Exercise prompt =
Repeat the span of the entries below that starts at the line with "bolshevik revolution painting" and ends at the line with "Pochette Magdalena stampata NAPOLI", nothing more. Skip the pictures.

Available data =
########
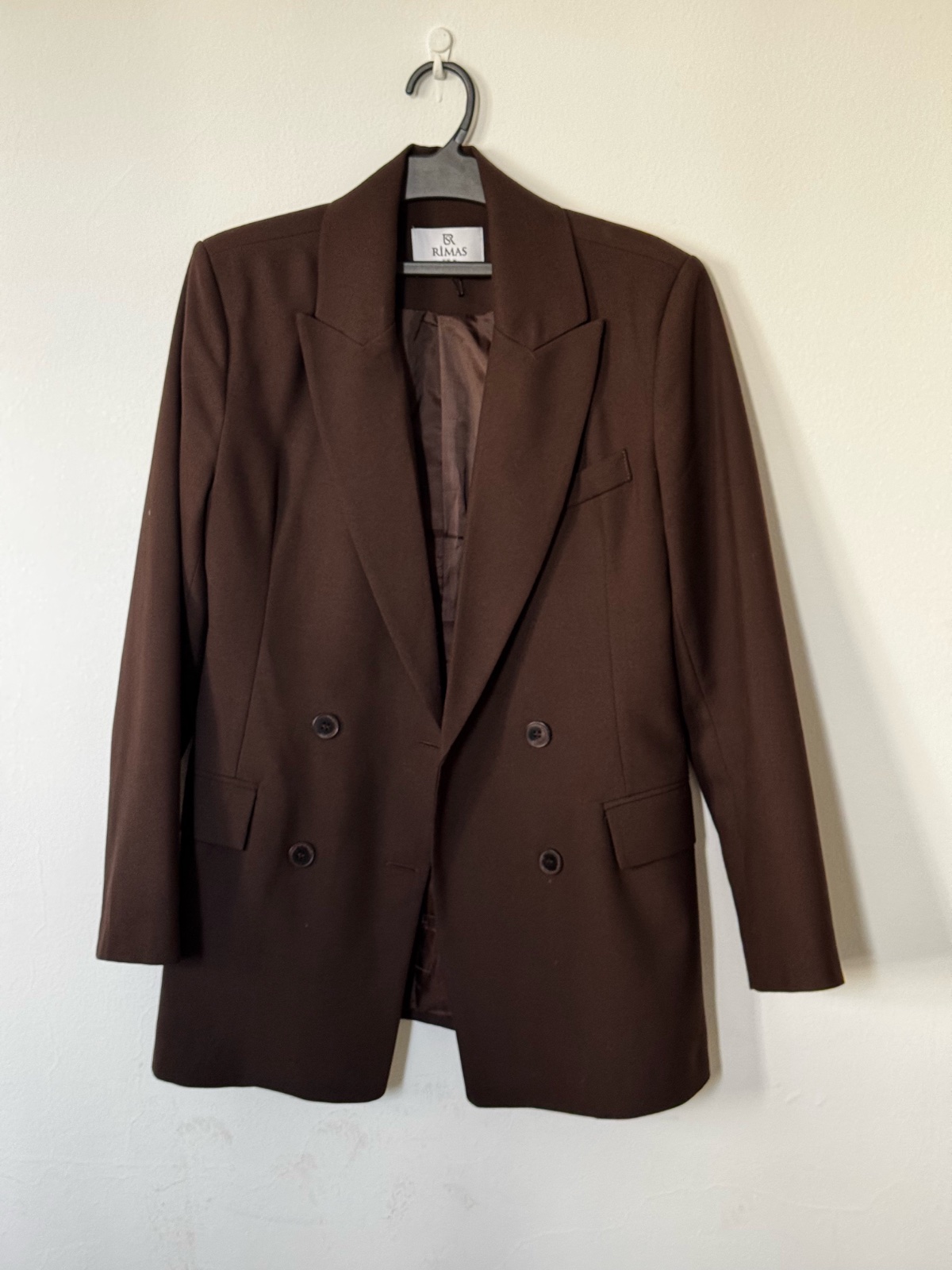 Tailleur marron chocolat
########
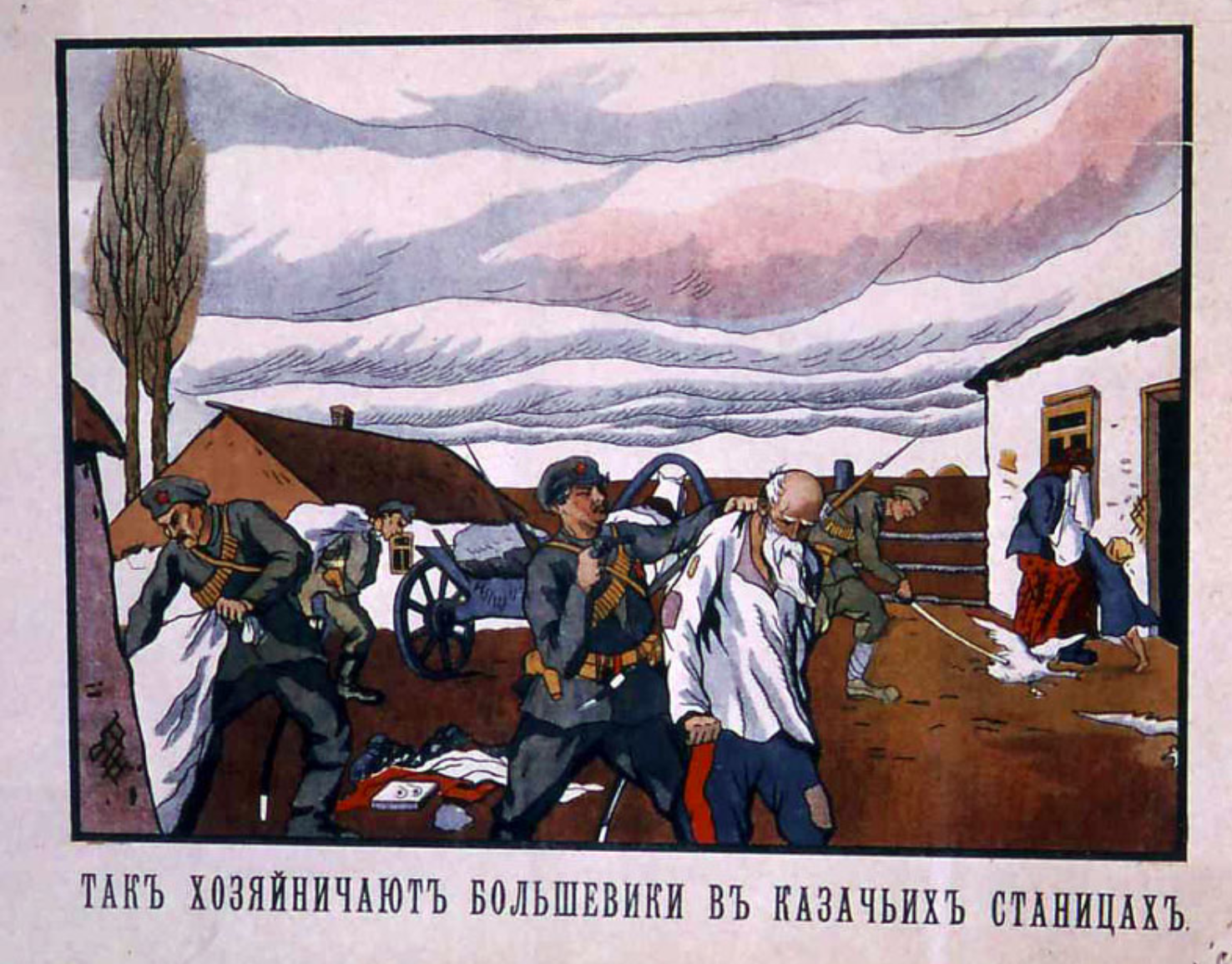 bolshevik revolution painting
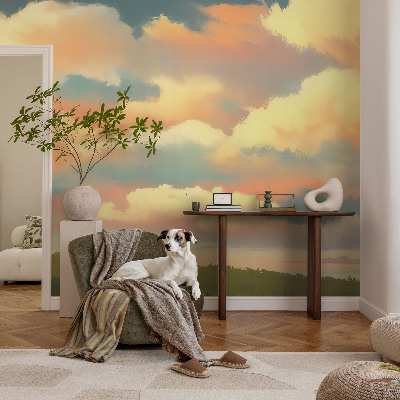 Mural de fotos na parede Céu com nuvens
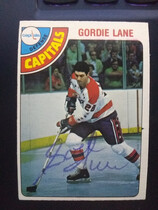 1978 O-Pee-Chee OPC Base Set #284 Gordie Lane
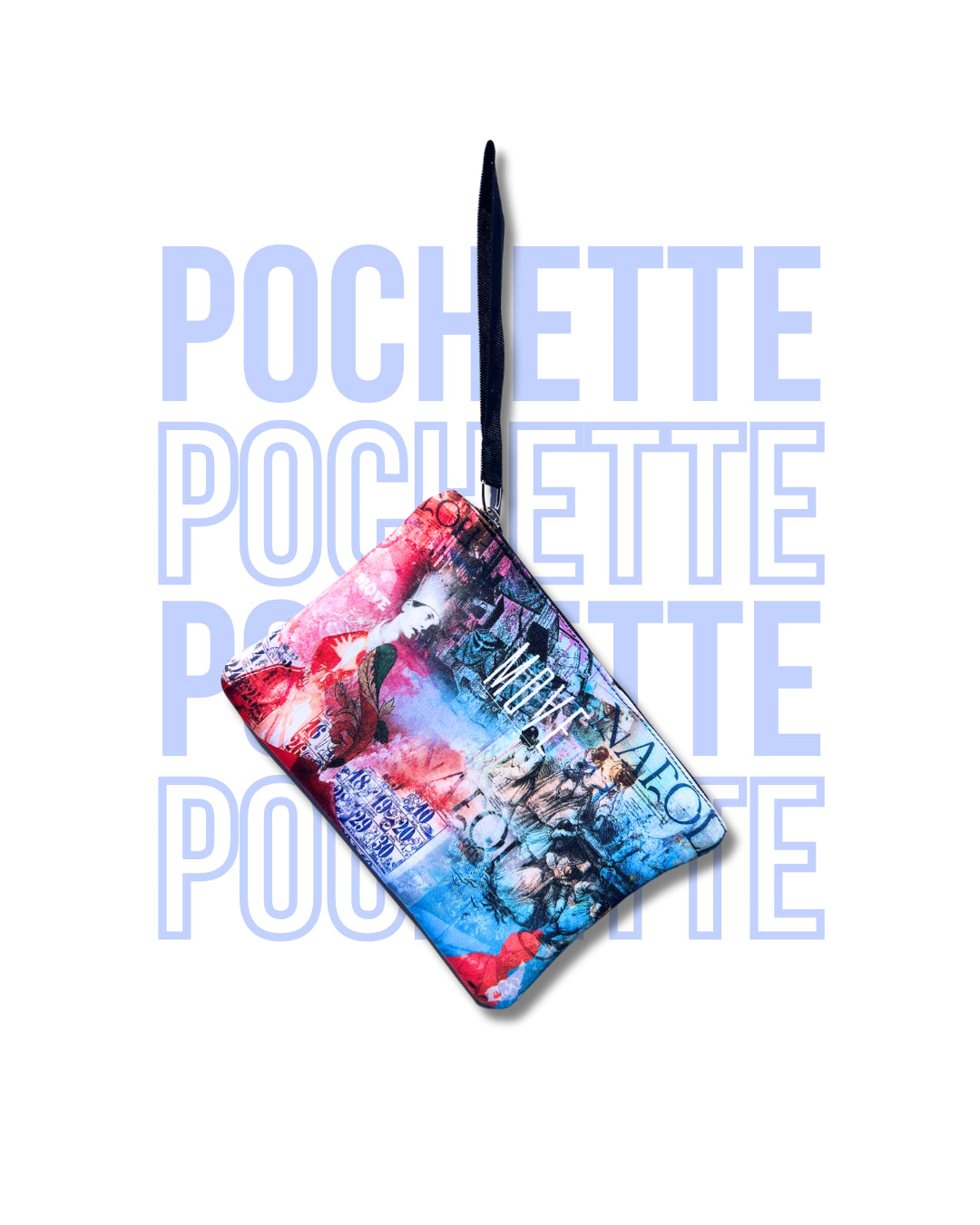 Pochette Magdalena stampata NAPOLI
########
Exercise result =
 bolshevik revolution painting
 Mural de fotos na parede Céu com nuvens
 1978 O-Pee-Chee OPC Base Set #284 Gordie Lane
 Pochette Magdalena stampata NAPOLI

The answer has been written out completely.